La cosa strabiliante che accade però non fu questa, ma fu che a scuola iniziai a far finta di leggere i miei riassunti o le mie prose. Capitò tutto per caso. Un sabato non andai a scuola per una vendemmia che durò due giorni, ed il lunedì mi ritrovai impreparato. La prassi del lunedì era sempre la stessa: la maestra uno per volta, in ordine alfabetico, ci chiedeva di leggere la prosa o il riassunto che ci aveva chiesto di sviluppare durante il fine settimana.
Stiamo parlando di una paginetta. Io ero costretto a scriverne 24 alla settimana di paginette, e lo facevo nella maniera più veloce possibile.
Ricordo esattamente che quel giorno ascoltai gli altri quindici miei compagnetti che mi precedevano sul registro, e dopo con assoluta calma recitai il mio riassunto con successo guardando una pagina bianca. Questa cosa continuò per delle settimane. Ero infatti riuscito anche a manipolare mia madre, dicendole che al sabato non si dovevano fare più i compiti. Lei, che odiava i compiti del sabato, non si lamentò e non fece domanda alcuna.
Fino a quando, un giorno, un mio compagno di classe disse alla maestra che le pagine del mio quaderno erano bianche. La cosa diventò un affare di stato. Io, infatti, da mesi non facevo prose e riassunti, bensì prendevo in giro sia mia madre che la mia maestra. Mia madre comprese la genialità, e non si arrabbiò molto, ma la maestra non capì. Ricordo con eccezionale chiarezza il ritorno a casa dopo l'incontro tra me, mia madre, e la maestra. Quella fu la camminata più silenziosa della mia vita, ma mi fece intendere quanto mia madre sperasse in quelle mie capacità, ed intuire che il sistema nel quale vivevo non mi avrebbe mai permesso d’esprimermi. Non me lo disse subito mia madre quello che pensava in realtà, aspettò venticinque anni, e per venticinque anni si disperò domandandosi e domandandomi quando, e se, avessi avuto intenzione di usare la mia intelligenza.

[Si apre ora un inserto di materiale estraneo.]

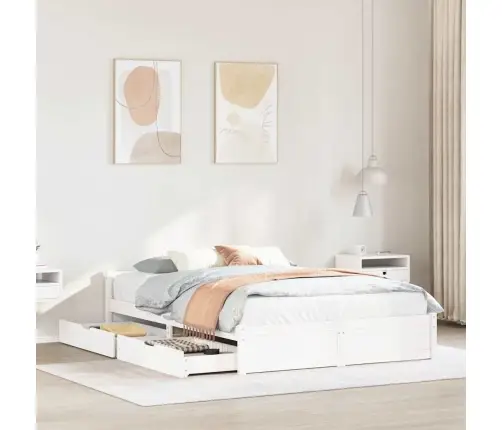 Gulta Bez Matrača, Balts, 140X190 Cm, Priedes Masīvkoks Vidaxl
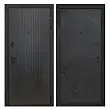 Входная дверь металлическая Интекрон Профит Black цвет Лофт черный / Лучи-М венге распил кофе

La routine non l’ho mai persa, perché non ho mai smesso di scrivere. Diciamo che da grande scrivere è divenuto un vizio, e come tutti i vizi difficilmente riesco a farne a meno. L’unica cosa che dovetti decidere fu di iniziare a scrivere seriamente, con l’intento quindi di pubblicare. Questa cosa accadde nel 2002, e da quel momento mi sono dedicato intensamente alla scrittura adottando un’intensa introspezione ed un’attenta osservazione del mondo che mi circonda.